Ahead of an Israeli delegation traveling to Washington DC next week, Prime Minister Benjamin Netanyahu instructed the security officials participating in the mission to voice objection to the US return to the Iran nuclear deal, but not to hold talks on the issues.
Netanyahu emphasized in a meeting with the delegation on Thursday that Israel is not a party in the nuclear agreement with Iran, and not committed to it. Clarifying that “Israel is committed to its own security interests only and will act accordingly,” an Israeli official said.
“The instructions to the senior security officials that are flying to Washington for talks is to present Israel’s opposition to the agreement in Iran and not to negotiate over it, because we are talking about a return to the previous agreement that is dangerous for Israel and the region,” the official said speaking on condition of anonymity.

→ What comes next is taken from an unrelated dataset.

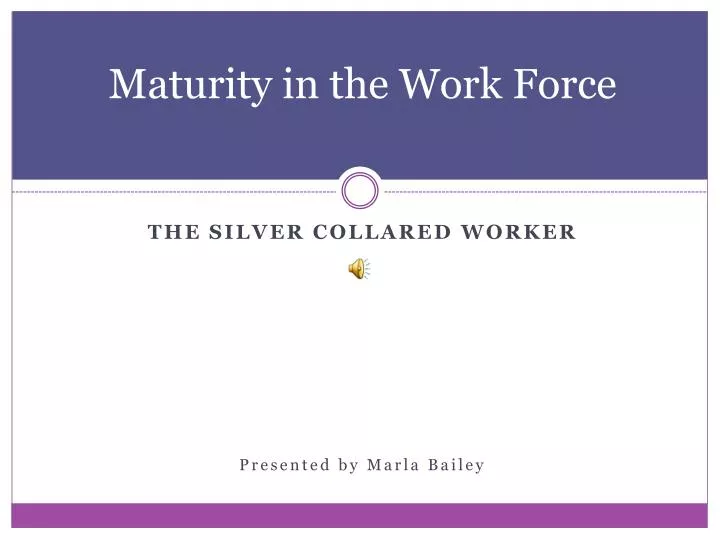 maturity in the work force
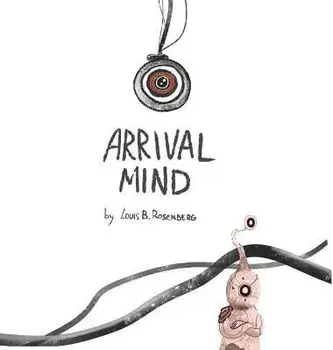 Arrival Mind, Hardcover/Louis Rosenberg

“If in the future there are serious contacts on Iran’s part over an improved agreement, Israel will state its position on the characteristics and content that such an agreement should have,” the official added.
IDF Chief of Staff Aviv Kohavi, part of the delegation, will travel Sunday to meet with a number of top US defense officials, in his first trip to the US since entering his position.
Kohavi will be joined on the trip by his wife, Yael, as well as the IDF defense attaché to the US, Maj. Gen. Yehuda Fuchs, the head of the IDF’s Iran-focused Strategic and Third Ring Directorate, Maj. Gen. Tal Kalman, and the head of the IDF’s foreign relations department, Brig. Gen. Effi Defrin.
In the coming weeks, a number of other top Israeli defense officials were slated to visit the United States, including National Security Adviser Meir Ben-Shabbat, Mossad chief Yossi Cohen and Military Intelligence commander Tamir Hayman.
Kohavi, Ben-Shabbat, Cohen and Hayman all met with Netanyahu and Defense Minister Benny Gantz on Thursday to coordinate their messaging to their American counterparts.
Israel is generally concerned that the US is rushing too quickly to return to the 2015 accord, known formally as the Joint Comprehensive Plan of Action, and is ignoring the concerns of Israel and other Middle Eastern countries, notably those in the Gulf.
Israel’s ambassador to the United States and United Nations, Gilad Erdan, told the UN Security Council on Thursday that he firmly rejects the nuclear deal in its current form.
“For Israel, Iran poses an existential threat,” Erdan said. “That is why we will not see ourselves bound by any agreement that does not fully address the threat against the existence of the State of Israel. And every one of you would do the same if you were in our shoes, particularly in light of the Holocaust,” he added.
“The Biden administration also understands that the 2015 agreement was bad, we just disagree on the right way to reach a deal that will stop Iran,” Erdan told the Kan public broadcaster on Friday.
Israel and the US set up a strategic group, which last convened on April 13, to coordinate their efforts to prevent Iran from acquiring nuclear arms. The group is led by Biden’s National Security Adviser Jake Sullivan and his Israeli counterpart Ben-Shabbat.
Earlier this week, Kan news reported that Israel was lobbying the US to push for improved international oversight of Iran’s nuclear program, having concluded there will not be significant changes to the treaty but nonetheless seeking to slightly improve the terms of the pact, which is being negotiated in Vienna, with Europeans acting as intermediaries between Washington and Tehran.
Iranian President Hassan Rouhani said Tuesday that 60-70 percent of issues had been resolved in Vienna.
A spokesman for the US State Department indicated that Washington was backing down from a key prerequisite for its return to the deal.
The Biden administration had repeatedly said that it would only return to the nuclear deal if Iran first returns to compliance. However, on Tuesday, US State Department Spokesperson Ned Price said at a press conference that Washington would only need to be sure that Iran intended to return to compliance.
Israeli officials, including Netanyahu, have adamantly opposed the US returning to the nuclear deal, putting Jerusalem openly at odds with the new White House administration.
Critics have long denounced the deal’s so-called “sunset clauses,” aspects of the agreement barring Iran from certain nuclear activities that end after a certain number of years. Though the deal technically prohibits Iran from ever developing a nuclear weapon, detractors of the agreement say these clauses will allow Iran to do so with impunity once the sanctions against the regime end.
The agreement is also narrowly focused solely on the nuclear issue, ignoring Iran’s development of nuclear-capable ballistic missiles that can reach Israel and parts of Europe, as well as its constant funding and support of terror groups like Hezbollah.
Proponents of the agreement generally argue that while the deal is imperfect, it was the best possible deal that could be struck under the circumstances and at least postpones the development of an Iranian nuclear weapon.